▶ **Exercise description**: Below is a listing with pictures in it; transcribe exactly the lines from the one that has "Photo of property" through the one that has "Men Navy Striped Casual Casual Shirts", and omit those pictures.

▶ **Information shown**:
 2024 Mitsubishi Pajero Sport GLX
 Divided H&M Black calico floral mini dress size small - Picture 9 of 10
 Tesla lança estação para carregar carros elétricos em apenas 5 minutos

==

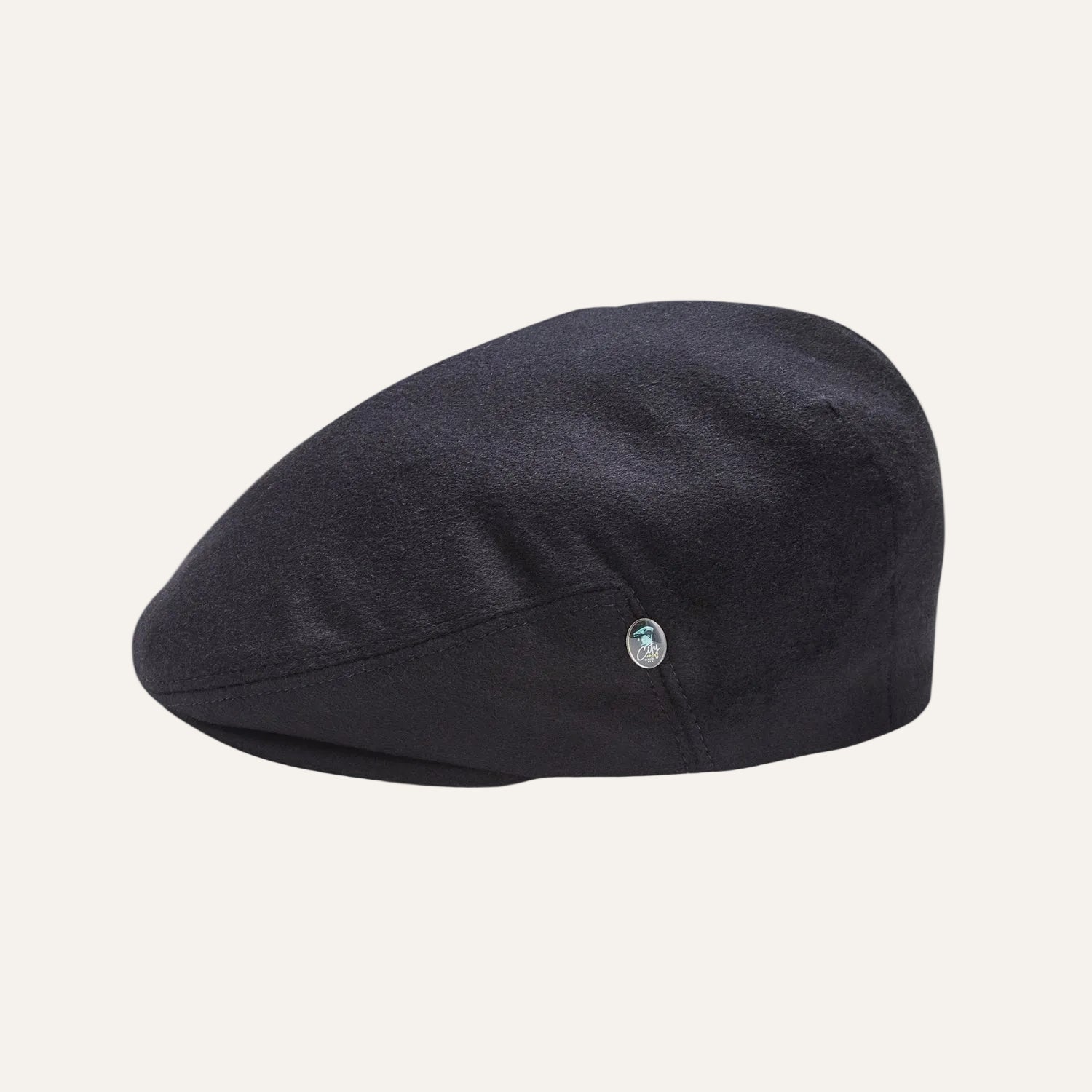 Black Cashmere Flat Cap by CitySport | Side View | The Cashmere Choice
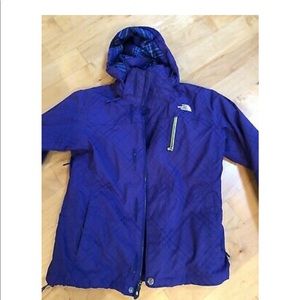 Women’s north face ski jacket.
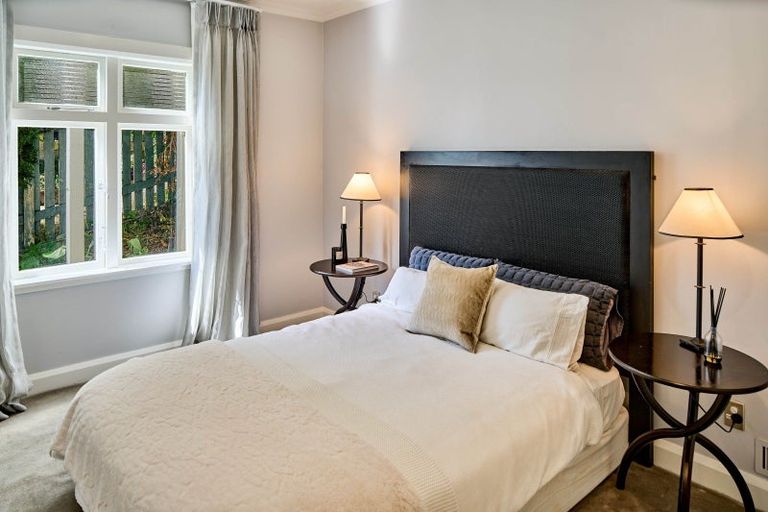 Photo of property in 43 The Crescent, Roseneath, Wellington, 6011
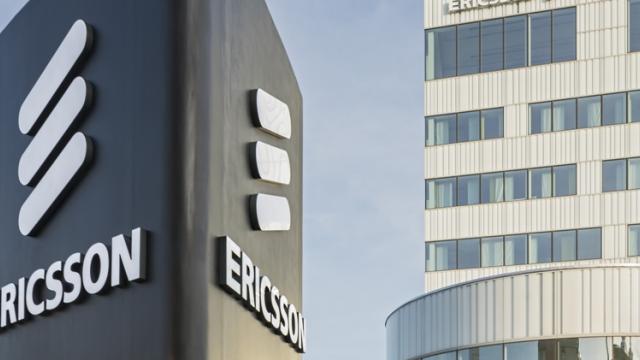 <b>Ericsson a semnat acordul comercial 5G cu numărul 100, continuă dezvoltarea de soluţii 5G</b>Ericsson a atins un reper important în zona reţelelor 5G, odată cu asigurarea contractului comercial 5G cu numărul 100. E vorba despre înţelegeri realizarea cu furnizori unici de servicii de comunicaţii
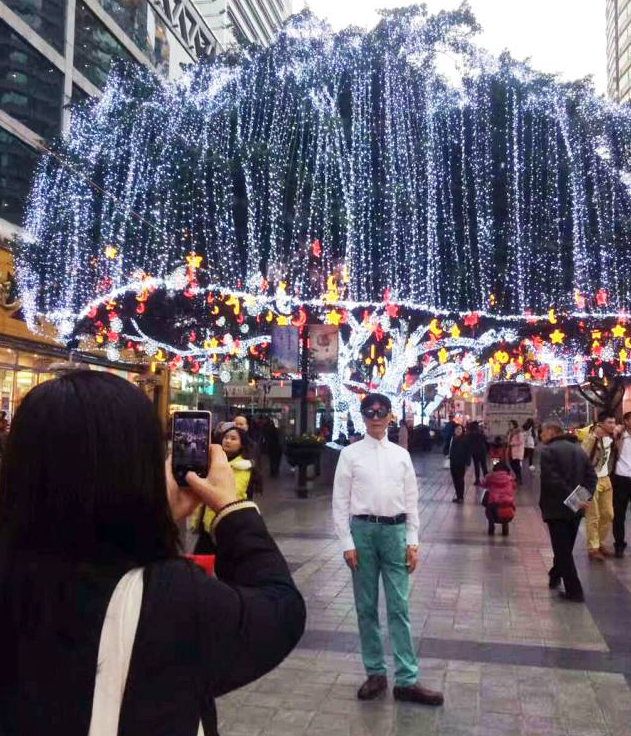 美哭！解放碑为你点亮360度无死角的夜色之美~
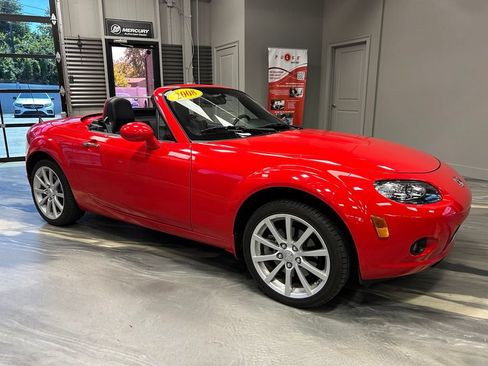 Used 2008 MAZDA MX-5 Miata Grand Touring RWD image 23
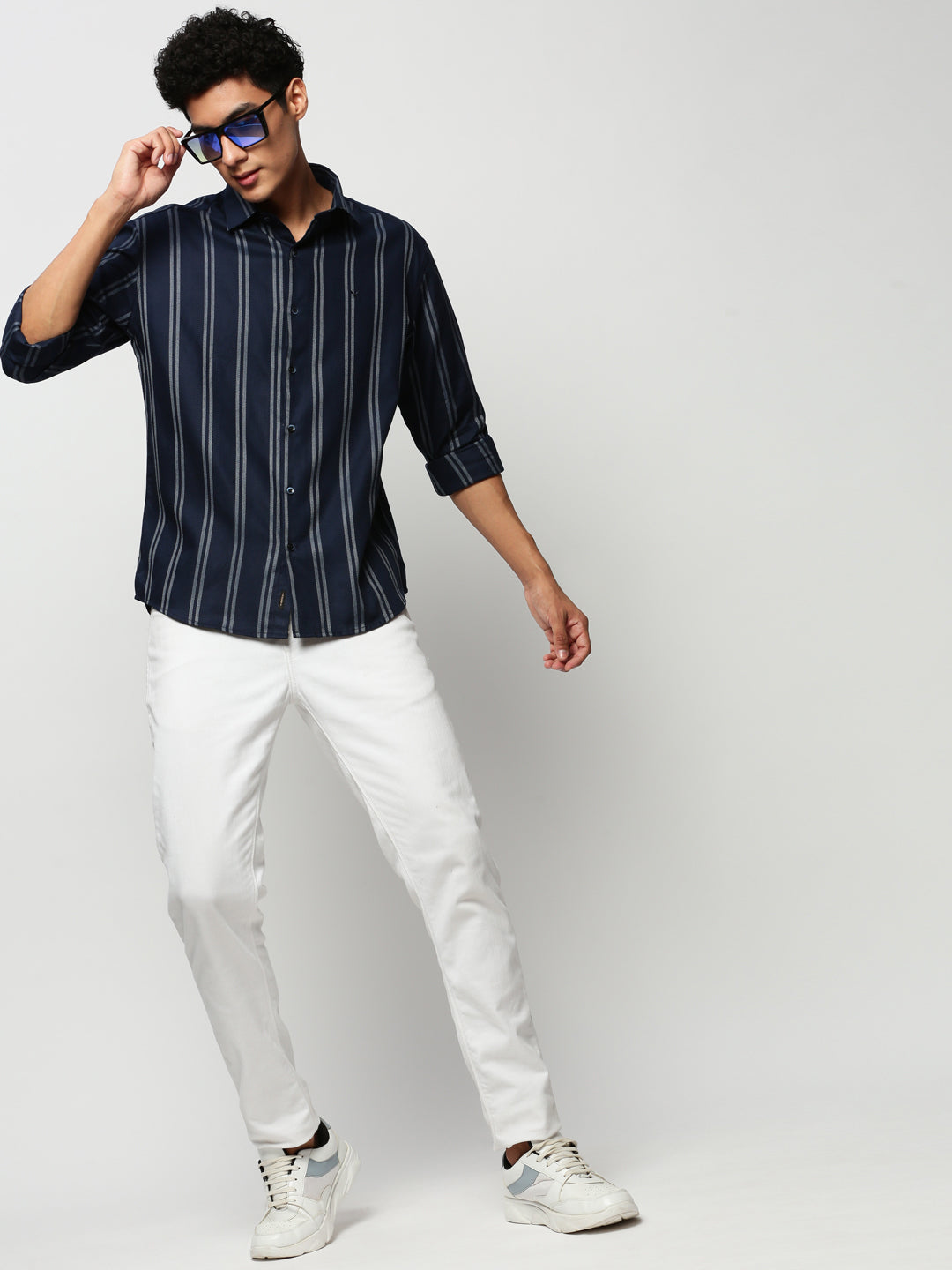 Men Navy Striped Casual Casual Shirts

▶ **Result**:
 Photo of property in 43 The Crescent, Roseneath, Wellington, 6011
 <b>Ericsson a semnat acordul comercial 5G cu numărul 100, continuă dezvoltarea de soluţii 5G</b>Ericsson a atins un reper important în zona reţelelor 5G, odată cu asigurarea contractului comercial 5G cu numărul 100. E vorba despre înţelegeri realizarea cu furnizori unici de servicii de comunicaţii
 美哭！解放碑为你点亮360度无死角的夜色之美~
 Used 2008 MAZDA MX-5 Miata Grand Touring RWD image 23
 Men Navy Striped Casual Casual Shirts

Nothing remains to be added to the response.